Un objectif pourtant crucial pour le climat. L’utilisation du béton a décuplé sur la planète en 65 ans, selon l’ONU Environnement. Dans le même temps, celle de l’acier a triplé et celle du bois est restée stagnante dans la construction.

Prudent, Vinci ne donne aucun objectif précis de réduction des émissions de CO2 pour l’hôpital. Au moins 30% par rapport à un béton normal, dit M. Lefeuvre. Les comptes précis seront faits à la fin du chantier.

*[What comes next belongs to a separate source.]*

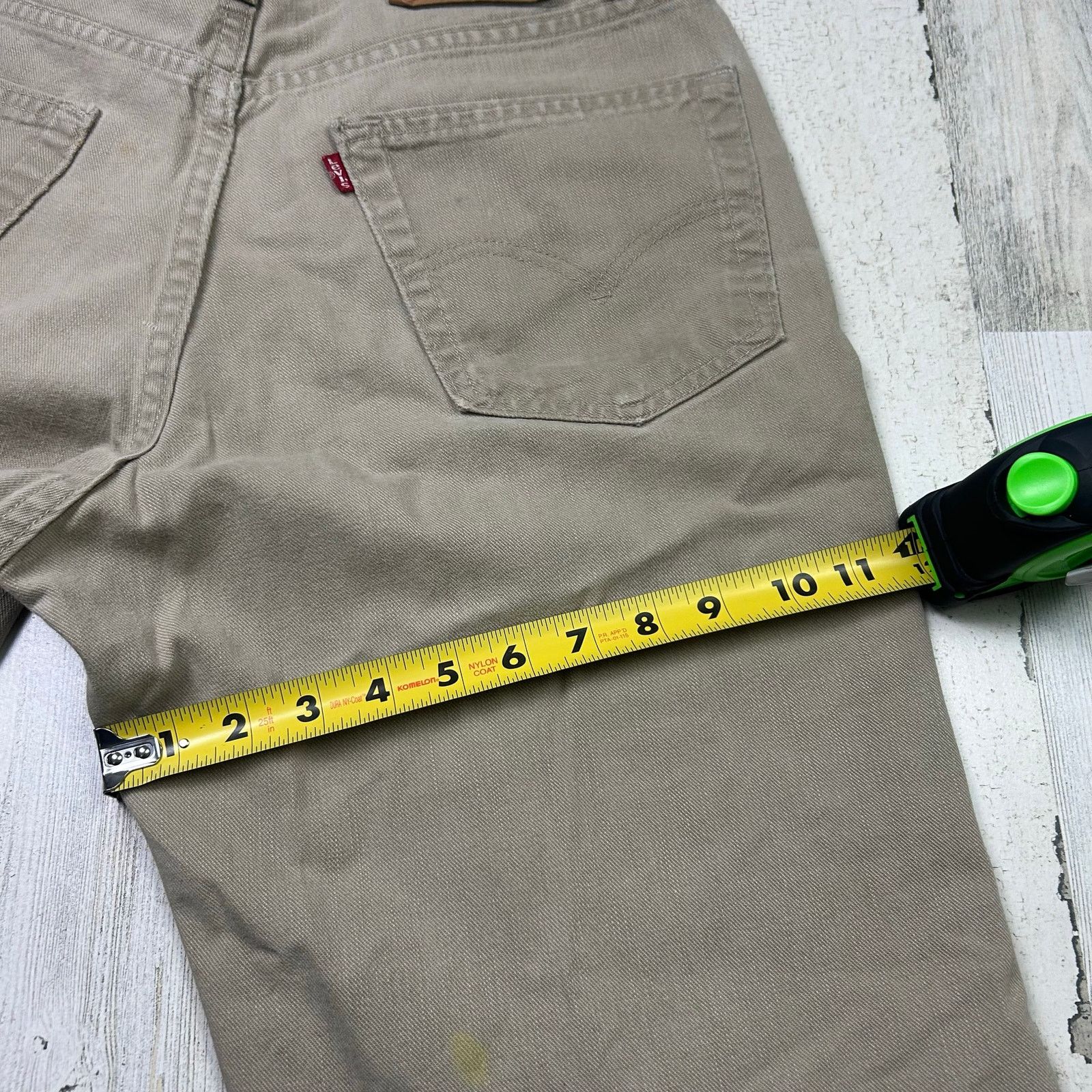 Levi's × Vintage Vintage 1990s 550 Relaxed Straight Leg Levi Khaki Jeans Size US 33 - 12 Thumbnail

Car la réduction des émissions ne dépend pas que des matériaux. La météo joue un rôle aussi. S’il fait trop froid, les « banches » – moules en métal dans lesquels sont coulés les murs – doivent être chauffés. Ce qui fait remonter le taux d’émission pour l’énergie utilisée. Jusqu’à présent, aucun chauffage n’a eu lieu depuis le début du chantier en mars 2022.

A la pause-café, on discute du rapport de l’ONU selon lequel la consommation mondiale de béton devra diminuer de moitié en 2060 par rapport à aujourd’hui. « Nous ne sommes pas étonnés, nous nous préparons », dit Bruno Paul-Dauphin.

Le constructeur mise sur d’autres matériaux comme le bois pour certains chantiers. Pour le béton, il explore aussi d’autres recettes de liant, réutilisant des déchets industriels, notamment à base de « fumées de silice », des résidus de l’industrie du silicium.